[DATA EXTRACTS Boundary: Start]
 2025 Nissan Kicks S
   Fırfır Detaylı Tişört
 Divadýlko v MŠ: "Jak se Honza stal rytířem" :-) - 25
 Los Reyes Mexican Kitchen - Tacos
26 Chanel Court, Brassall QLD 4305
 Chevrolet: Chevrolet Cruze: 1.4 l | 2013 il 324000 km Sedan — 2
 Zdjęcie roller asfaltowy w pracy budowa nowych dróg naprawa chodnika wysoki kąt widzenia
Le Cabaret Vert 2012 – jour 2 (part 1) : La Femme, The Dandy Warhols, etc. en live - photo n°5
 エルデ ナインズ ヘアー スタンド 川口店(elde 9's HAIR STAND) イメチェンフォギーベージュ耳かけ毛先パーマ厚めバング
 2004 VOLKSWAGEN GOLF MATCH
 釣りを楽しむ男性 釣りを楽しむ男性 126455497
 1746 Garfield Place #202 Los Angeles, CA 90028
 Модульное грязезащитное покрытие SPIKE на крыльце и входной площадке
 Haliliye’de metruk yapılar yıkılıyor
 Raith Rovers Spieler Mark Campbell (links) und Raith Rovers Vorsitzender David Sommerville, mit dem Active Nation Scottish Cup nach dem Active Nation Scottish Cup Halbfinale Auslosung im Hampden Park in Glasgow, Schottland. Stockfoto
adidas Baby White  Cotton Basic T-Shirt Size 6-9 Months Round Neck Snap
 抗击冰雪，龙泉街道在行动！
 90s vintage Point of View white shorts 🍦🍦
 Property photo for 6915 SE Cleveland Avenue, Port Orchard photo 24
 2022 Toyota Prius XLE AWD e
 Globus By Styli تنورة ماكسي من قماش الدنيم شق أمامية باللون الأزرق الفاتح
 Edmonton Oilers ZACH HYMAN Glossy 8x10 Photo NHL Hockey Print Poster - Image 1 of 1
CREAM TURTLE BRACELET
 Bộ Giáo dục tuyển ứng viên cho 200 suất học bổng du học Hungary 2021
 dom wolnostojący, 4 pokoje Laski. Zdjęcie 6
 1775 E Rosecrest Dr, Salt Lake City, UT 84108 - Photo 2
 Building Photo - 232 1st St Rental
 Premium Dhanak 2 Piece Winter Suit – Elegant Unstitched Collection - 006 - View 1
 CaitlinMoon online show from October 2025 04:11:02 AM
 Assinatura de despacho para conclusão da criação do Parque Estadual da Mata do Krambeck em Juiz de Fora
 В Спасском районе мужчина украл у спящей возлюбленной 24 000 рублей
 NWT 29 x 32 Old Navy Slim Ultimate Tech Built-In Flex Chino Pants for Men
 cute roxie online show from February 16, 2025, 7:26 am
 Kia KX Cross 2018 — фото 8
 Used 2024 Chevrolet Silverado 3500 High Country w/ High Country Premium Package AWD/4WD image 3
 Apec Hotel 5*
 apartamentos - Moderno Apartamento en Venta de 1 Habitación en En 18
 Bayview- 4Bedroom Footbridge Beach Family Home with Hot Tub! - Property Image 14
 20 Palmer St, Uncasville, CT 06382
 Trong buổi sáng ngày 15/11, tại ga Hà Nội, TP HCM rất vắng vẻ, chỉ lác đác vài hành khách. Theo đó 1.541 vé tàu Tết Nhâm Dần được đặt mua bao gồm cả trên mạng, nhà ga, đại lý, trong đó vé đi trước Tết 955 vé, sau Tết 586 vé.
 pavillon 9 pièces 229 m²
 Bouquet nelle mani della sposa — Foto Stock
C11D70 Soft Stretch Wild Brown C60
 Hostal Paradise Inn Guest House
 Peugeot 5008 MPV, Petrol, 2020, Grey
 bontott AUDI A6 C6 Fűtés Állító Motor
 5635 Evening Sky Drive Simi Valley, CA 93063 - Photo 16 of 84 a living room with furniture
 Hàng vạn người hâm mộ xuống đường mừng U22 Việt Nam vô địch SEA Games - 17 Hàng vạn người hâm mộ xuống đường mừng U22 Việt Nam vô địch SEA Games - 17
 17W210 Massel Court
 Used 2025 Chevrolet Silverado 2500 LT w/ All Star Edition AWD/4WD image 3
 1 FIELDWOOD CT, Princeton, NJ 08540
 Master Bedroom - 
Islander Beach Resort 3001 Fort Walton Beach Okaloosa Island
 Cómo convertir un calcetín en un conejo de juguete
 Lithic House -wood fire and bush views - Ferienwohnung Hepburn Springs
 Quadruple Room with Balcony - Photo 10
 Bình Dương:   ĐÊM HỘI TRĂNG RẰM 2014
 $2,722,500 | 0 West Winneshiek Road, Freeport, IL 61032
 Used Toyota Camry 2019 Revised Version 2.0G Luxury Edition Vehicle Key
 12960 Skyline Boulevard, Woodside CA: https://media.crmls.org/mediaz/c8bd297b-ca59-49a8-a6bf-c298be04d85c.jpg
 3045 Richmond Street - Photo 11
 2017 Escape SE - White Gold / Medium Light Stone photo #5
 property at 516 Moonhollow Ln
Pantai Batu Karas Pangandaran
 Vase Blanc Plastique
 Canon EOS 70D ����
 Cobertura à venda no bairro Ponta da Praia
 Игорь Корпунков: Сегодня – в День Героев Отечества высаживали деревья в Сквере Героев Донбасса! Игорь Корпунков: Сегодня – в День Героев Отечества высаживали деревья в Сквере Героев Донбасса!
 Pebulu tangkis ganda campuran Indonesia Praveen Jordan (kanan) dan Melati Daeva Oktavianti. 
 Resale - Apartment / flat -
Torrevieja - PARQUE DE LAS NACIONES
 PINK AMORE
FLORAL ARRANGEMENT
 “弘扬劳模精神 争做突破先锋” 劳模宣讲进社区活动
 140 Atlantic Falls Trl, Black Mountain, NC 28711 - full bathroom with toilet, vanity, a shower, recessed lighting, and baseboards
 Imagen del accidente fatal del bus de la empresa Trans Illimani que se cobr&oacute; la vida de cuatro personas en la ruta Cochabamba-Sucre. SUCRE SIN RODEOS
[DATA EXTRACTS Boundary: End]
PROBLEM DETAILS:
Check every line of the entries above, and copy those that carry the string "from".

EXERCISE ANSWER:
 CaitlinMoon online show from October 2025 04:11:02 AM
 cute roxie online show from February 16, 2025, 7:26 am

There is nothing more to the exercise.